Need following clarifications:

  1. What is the input/output capacitances and Impedance for input pins for IC: SN65LBC174A-EP?
  2. Do you have reference for power loss calculation for IC: SN65LBC174A-EP if using 1 channel of the IC?
  3. What is the input/output capacitances and Impedance for input pins for IC: SN65LBC173A-EP?
  4. Do you have reference for power loss calculation for IC: SN65LBC173A-EP if using 3 channel of the IC?
  5. For buffer IC: SN74LVC1G17-EP, if supply voltage Vcc is 3.3V will there be an issue if 5V signal is given as input at pin A?
  • 0
    Prodigy 10 points

    E2E Team, 

    Please provide your inputs on high priority.

    Regards,

    Dnyanesh

  • 0
    TI__Mastermind 45377 points

    Hi Prahlad,

    So we don't really specify a lot of these characteristics directly for the SN65LBC17xA-EP devices - what we have in the datasheet is pretty much it. 

    For Questions 1 and 2:

    We don't specify capacitance as it generally, in vast majority of cases, doesn't matter in these applications because the capacitive loading of the driver is generally >> than any capacitance the device has. 

    Input Impedances can be roughly approximated from the input current spec - at worst case you see 70uA which would happen at VCC = 5.25V - which would give an input impedance of about 75K - generally it will most likely be higher in most applications as this is worst case approximation. 

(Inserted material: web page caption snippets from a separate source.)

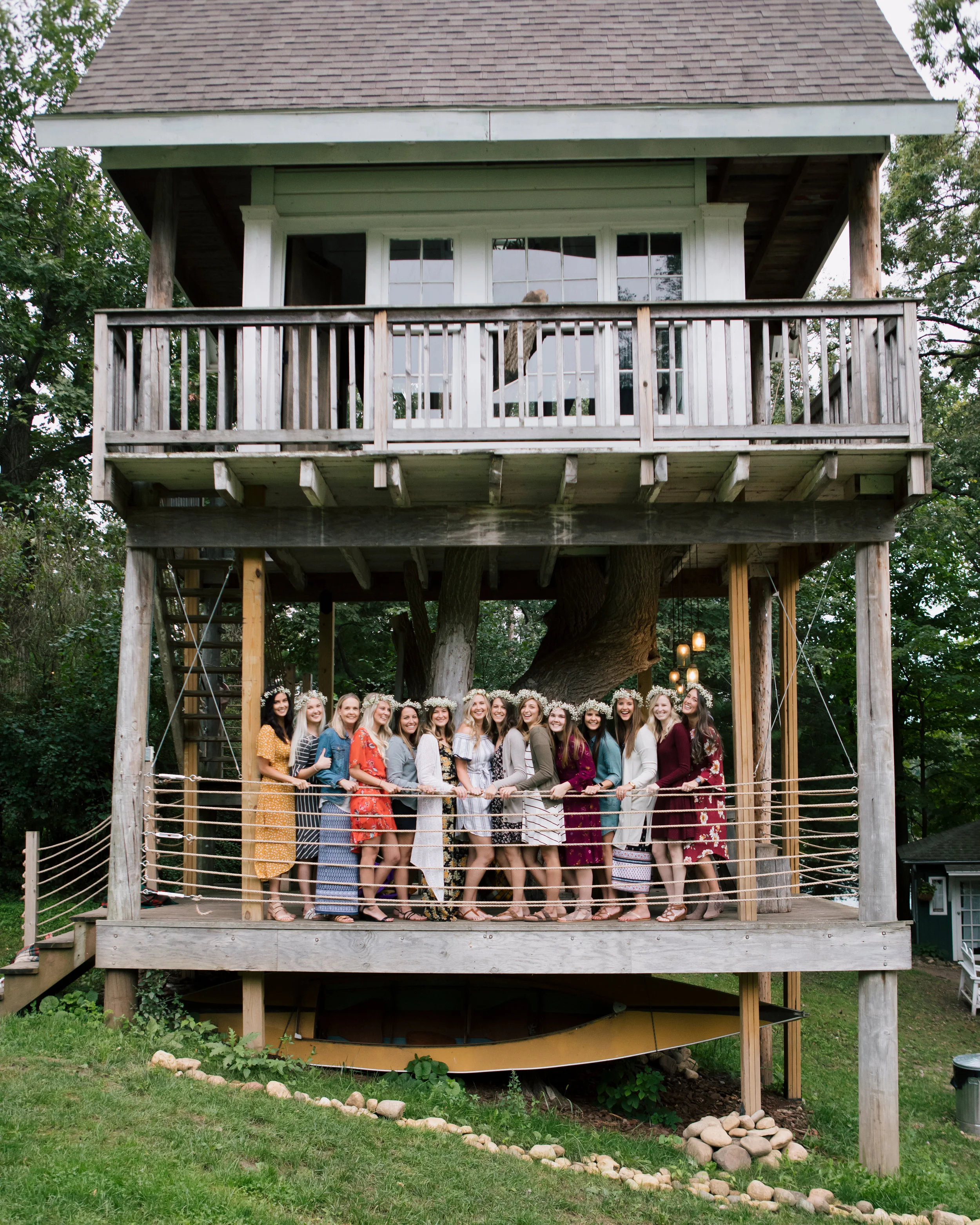 Glamping Bachelorette at Camp Wandawega in Wisconsin
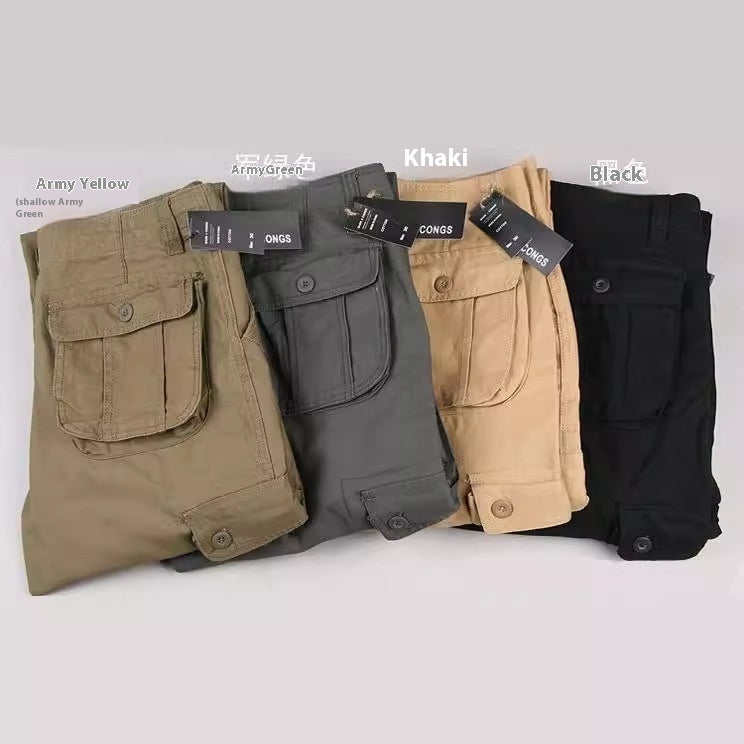 Multi-pocket Men's Casual Loose Labor Protection Pants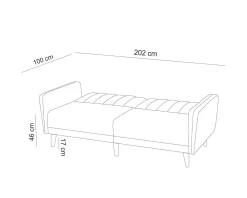 Pattyn 2-sits bäddsoffa grå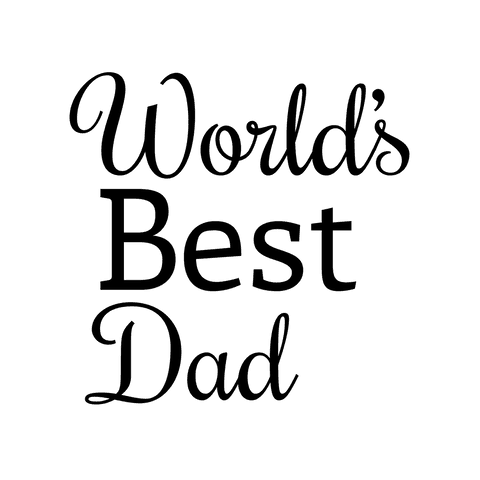 World's best dad text on dark transparent background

    For power consumption - its very dependent on loading - you can make a rough approximation from the ICC supply current that each driver takes appx. 375uA when disabled and 6.25mA when enabled - however at least 2 driver will always be active with the 174 - you cannot have 1 driver only. This specification also only includes Idle current - so your power consumption really is determined by the loading - we do have a generalized paper to help with power calculations - but the main take-away is that you just need to sum the power consumed at each pin - which is extremely dependent on system setup and loading. So we won't be able to give you a solid estimate because of the variability in teh system setup - we can give you the idle current. 

     https://www.ti.com/lit/an/snoa233b/snoa233b.pdf?ts=1698681450094&ref_url=https%253A%252F%252Fwww.ti.com%252Fsitesearch%252Fen-us%252Fdocs%252Funiversalsearch.tsp%253FlangPref%253Den-US%2526searchTerm%253Drs-485%2Bpower%2Bdissipation%2526nr%253D30 

    For questions 3/4

    Same issue with capacitance - it is not specified on this device; most of our RS-485/RS-422 devices do not have this specified, although on newer devices it is more commonly specified. 

    For input impedances:

    on the A/B pins - Ii and Ri both can tell you input impedance. 12K is the most common value most designers would use here. 

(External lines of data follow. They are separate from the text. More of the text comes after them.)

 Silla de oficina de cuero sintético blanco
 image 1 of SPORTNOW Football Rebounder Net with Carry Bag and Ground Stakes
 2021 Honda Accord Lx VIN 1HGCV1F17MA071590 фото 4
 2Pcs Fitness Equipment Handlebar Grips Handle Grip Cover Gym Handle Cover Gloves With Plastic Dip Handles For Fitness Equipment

    For the enable pins it depends if it is a low or a high - but should be between 45K and 50K approximately worst case. 

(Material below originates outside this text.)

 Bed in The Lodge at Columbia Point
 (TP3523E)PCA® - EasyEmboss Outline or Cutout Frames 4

    For power - all channels will be active or disabled -you can't have any other configuration - so the power we spec in the datasheet is the idle power you can expect. This power consumption will most likely increase based on system setup and the loading on the output pins of the 173A. 

    5. 

    The voltage input range on the SN74LVC1G17-EP is -0.5v to 6.5V - it is not dependent on VCC - this is further shown as the input clamp only conducts on negative inputs - so there is no diode from A to VCC - so applying 5V to A when the device is at VCC = 3.3V will not harm the device. It is also shown in the recommended operation conditions that in the input voltage is suggested to be 0V to 5.5V - not dependent on VCC - whereas the output voltage max is VCC. 

    Best,

    Parker Dodson